The New York Times, April 28, 2009

EPA wants to review permits for Navajo Nation power plant
By Robin Bravender, Greenwire

U.S. EPA wants to reconsider the permits it issued for a major coal-fired power project in New Mexico, a bid that environmentalists say signals a bleak future for coal plant proposals under the Obama administration.

EPA's Environmental Appeals Board is weighing an agency request to rethink permits for the Desert Rock Energy Facility, a 1,500-megawatt plant planned for Navajo Nation land about 25 miles southwest of Farmington, N.M.

EPA told the board yesterday that the agency wanted to address several issues, including soot emissions, possible effects on endangered species and concerns about pollution-control technologies.

Environmentalists see the request as an opportunity for EPA to address legal and scientific concerns they contend were overlooked by the Bush administration, which granted the permit last July.

The facility would be the area's third power plant, joining the 2,040-megawatt Four Corners plant and the 1,800-megawatt San Juan Generating Station. Critics warn that the plant could emit hundreds of millions of tons of greenhouse gases over its lifespan, as well as pollutants that are already regulated under the Clean Air Act.

"I think that this underscores that coal plants are a bad investment and that they face significant hurdles in being built, especially under the new administration," said Nick Persampieri, an Earthjustice attorney for groups that oppose the project. "We really think this sends a signal to developers that they ought to be pushing renewable energy projects, and the Desert Rock site is well-suited for development of solar resources as well as wind."

Sithe Global Power LLC first proposed the Navajo Nation plant in 2004, only to have it stalled by permitting delays and legal battles. In January, EPA withdrew the carbon dioxide portion of its final permit for the project, saying its decision not to regulate the greenhouse gas under the Bush administration needed additional justification. The comment period on the CO2 portion of the permit ended recently, but a decision to remand the rest of the permit to EPA would mean even further delays.

Darrin Swartz-Larson, a spokesman for the EPA Region 9 office in San Francisco, said it was unclear when the appeals board would review the motion.

Jeff Holmstead, an industry attorney whose firm represents the Desert Rock developers, criticized EPA for attempting to change its policies retroactively.

"This permit application was submitted almost five years ago," Holmstead said. "Under the law, the agency was supposed to make a decision on the permit within one year, but the permitting process dragged on for several years as the company and the Navajo Nation tried to address everyone's concerns."

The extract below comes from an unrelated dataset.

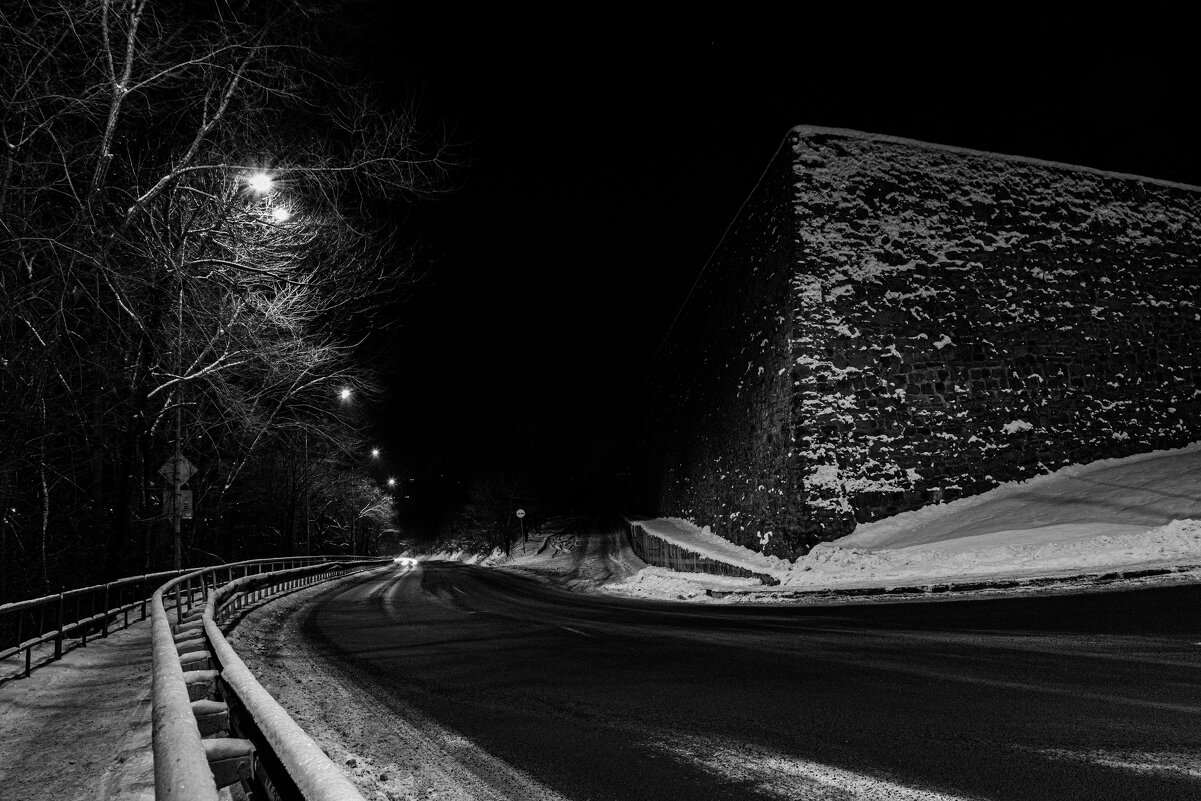 У крепости. - Михаил Соколов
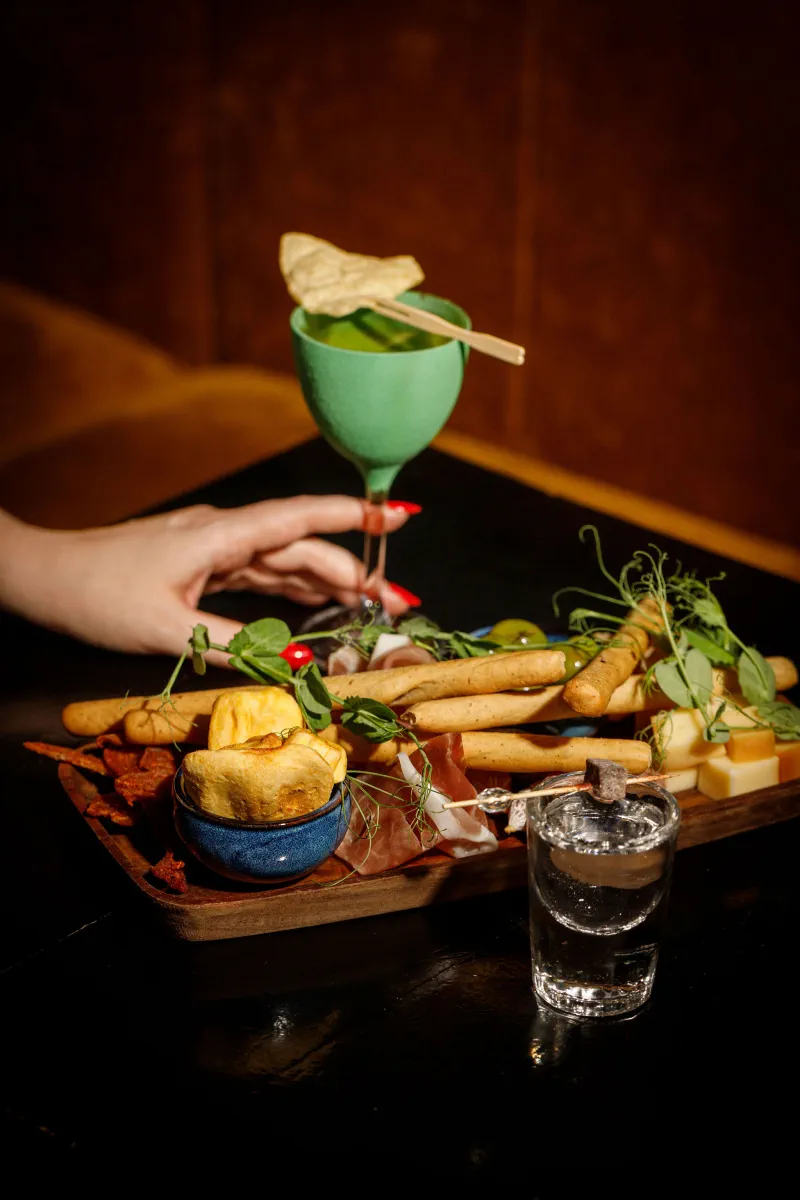 Sigmund Freud Bar image 8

He added, "Finally, EPA issued a permit -- the most stringent of any such permit in the country. We are well into the appeals process, and now EPA wants the Navajo Nation and its partners to go back and start over again under different rules."

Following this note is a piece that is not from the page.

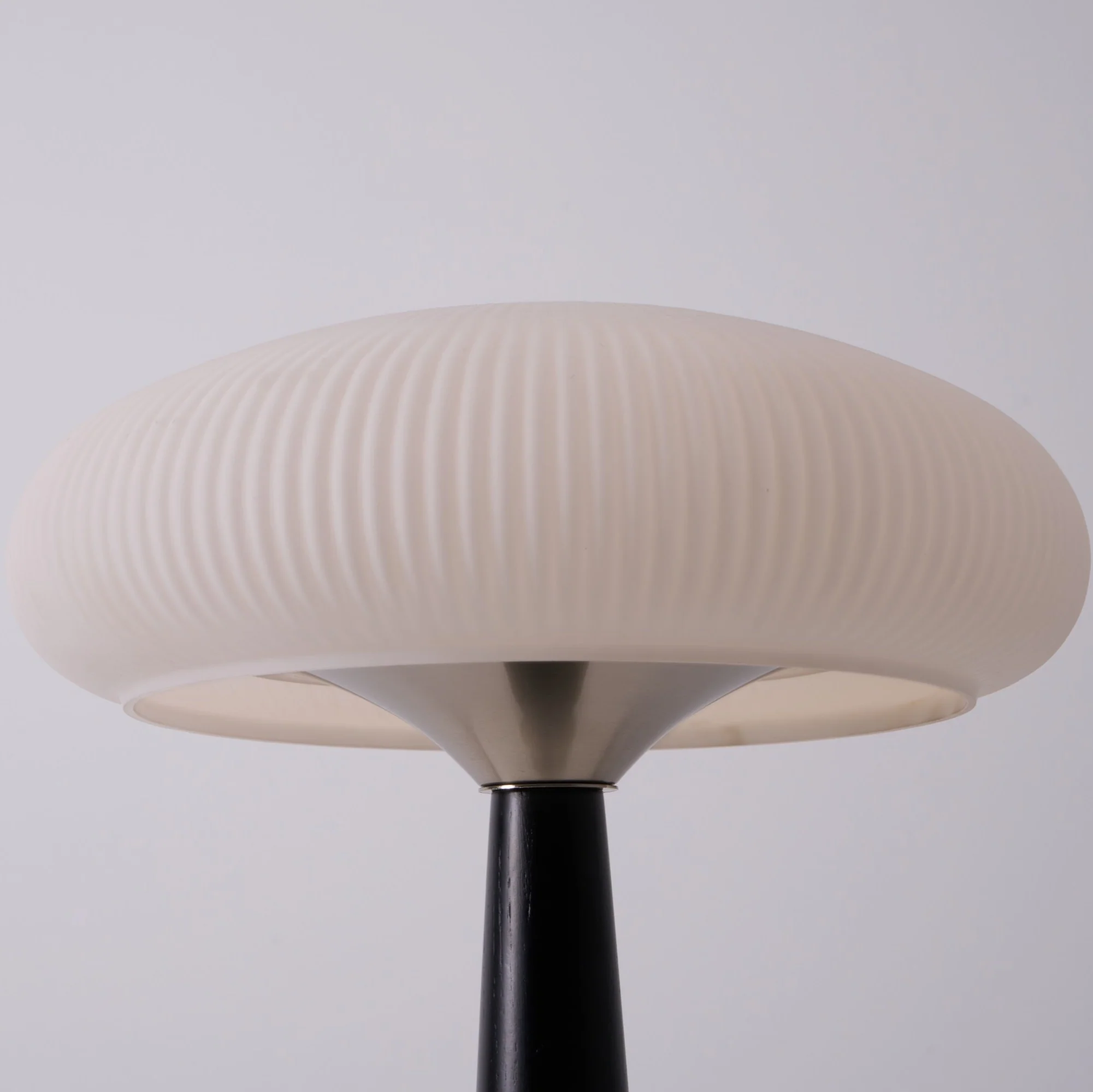 Aeruno Table Lamp - Image 25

Navajo Nation President Joe Shirley Jr. also expressed disappointment that EPA's request could further stall development plans. Developers estimate that the plant would bring in more than $50 million annually for the Navajo Nation.

"This isn't just about energy," Shirley said. "This is about sovereignty. ... This is about the Navajo Nation regaining its independence by developing the financial wherewithal to take care of its own problems."

But Vickie Patton, a senior attorney at the Environmental Defense Fund, disputed the notion that coal-fired energy was the region's only available path to economic growth.

"This area has world-class renewable and clean-energy resources -- virtually unparalleled," Patton said. "And there's a pivotal opportunity for economic revitalization in an area where it is urgently needed and where it could be achieved through clean energy solutions that will be deployed on the ground faster and cheaper."